Trop jeune pour la peine de mort ?

            Malgré les compte rendus qui figurent dans la presse, l’ordonnance d’accusation de 576 pages (…) mentionne clairement que cette nuit, parmi les six co-accusés qui étaient présents dans le bus, Ram Singh, accusé principal, avait été le plus cruel. Selon la déposition de la victime Avnindra Pratap Pandey, 28 ans, ami de la victime présent dans le bus au moment des faits, et des aveux des accusés, Bhura a bien participé au viol. L’ordonnance d’accusation de 56 pages présentée au tribunal pour enfants le confirme également. Parmi les preuves qui incriminent le jeune, des traces de sang de la victime ont été retrouvées sur ses vêtements.

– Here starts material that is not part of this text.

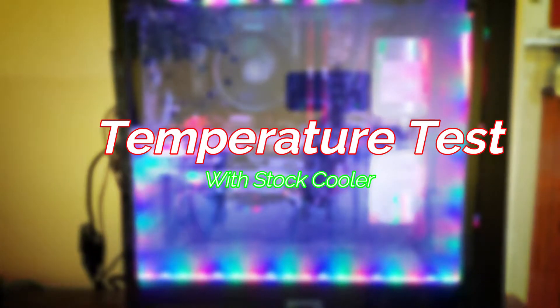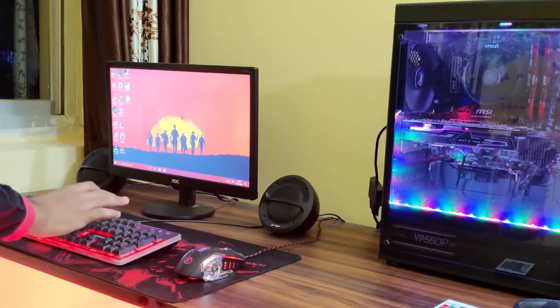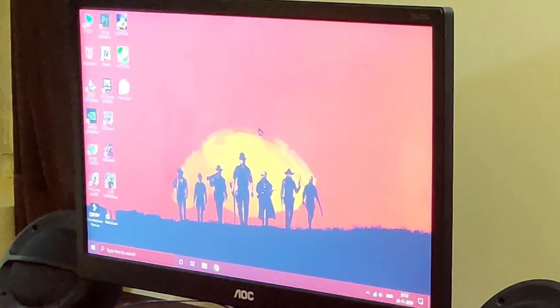Now, let's do a temperature test of stock cooler versus Deepcool GAMEX 400V2.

Cependant, la police scientifique n’a pas pu retrouver de traces de ses empreintes digitales dans le bus. « Ma fille ne l’a pas mentionné en particulier », dit Asha Devi, « mais elle a dit que tous avaient une part égale de responsabilité dans les faits. Cela ne change rien qu’il ait été ou non le plus cruel. »

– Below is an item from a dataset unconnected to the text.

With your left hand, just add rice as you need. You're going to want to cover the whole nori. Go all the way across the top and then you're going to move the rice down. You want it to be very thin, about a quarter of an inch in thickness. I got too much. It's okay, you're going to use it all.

            Le 23 juillet, soit deux jours avant que le Conseil de Justice ne rende son verdict, la Cour suprême a accepté la requête introduite par Subramaniam Swami, président du parti Janata, pour demander une redéfinition du mot « adolescent » Dans sa requête, Monsieur Swami demandait que le terme « adolescent » ne soit pas défini comme l’âge limite au dessous de 18 ans, mais que soient pris en compte la ‘maturité psychologique et intellectuelle’. Le tribunal de la Cour suprême rendra sa décision le 31 juillet en la matière. Le Conseil de Justice a été avisé de la réception de la requête par la Cour suprême et, en conséquence, a repoussé la date du délibéré au 5 août.

            D’un côté, l’avocat à la Cour suprême Karuna Nandi déclare que les directives données aux tribunaux concernant les inculpés mineurs ont été mûrement réfléchies. « Contrairement au système judiciaire des adultes, il n’y a pas de place pour des condamnations sévères dans le système judiciaires des mineurs. On ne devra ni soulever la question de la peine de mort, ni celle d’une lourde peine, car les études ont démontré qu’en dessous de 18 ans, les individus sont incapables de contrôler leurs pulsions, ou de résister à une pression. »

            Même si Bhura est libéré au terme de la peine fixée par le tribunal à la maison de correction pour mineurs, il lui restera peu d’endroits où refaire sa vie. Shah Alam dit qu’il ne pourra pas le reprendre dans son établissement, et personne d’autre ne voudra l’embaucher. Le chef de son village, qui fait tourner une petite usine de produits chimiques à côté de l’école où Bhura a interrompu ses études, est assis sur une chaise en plastique, entourés d’autres villageois, eux aussi assis. Il caresse un jeune faon qui était venu errer il y a quelques semaines dans le village, et dit qu’il ne permettra pas à Bhura de revenir dans cet endroit certes pauvre, mais néanmoins irréprochable. « On peut donner sa chance à un brigand ou un bagarreur, mais après ce qu’il a fait, il ferait mieux de ne pas se montrer. Qu’il soit condamné  à la pendaison ou non, ce garçon est de toute façon déjà mort pour nous. »



[1] Ben voyons… La situation a-t-elle réellement changée pour les femmes depuis ? Oui, dans les campagnes, les familles ne veulent plus laisser leurs filles sortir, et on conseille aux femmes de ne plus sortir seules non plus le soir dans les grandes villes. Le verdict du procès des majeurs, qui devait être rendu le 25 juillet, n’a même pas fait une ligne sur les sites des journaux indiens. Aucune nouvelle loi n’a été promulguée pour la prévention des violences sexuelles à l’encontre des femmes. 50 000 manifestants, si véhéments soient-ils, ne font pas changer un pays d’1,25 milliard d’habitants. L’Inde est passé à d’autres faits-divers « croustillants ». Loin de yeux, loin du cœur. NDT.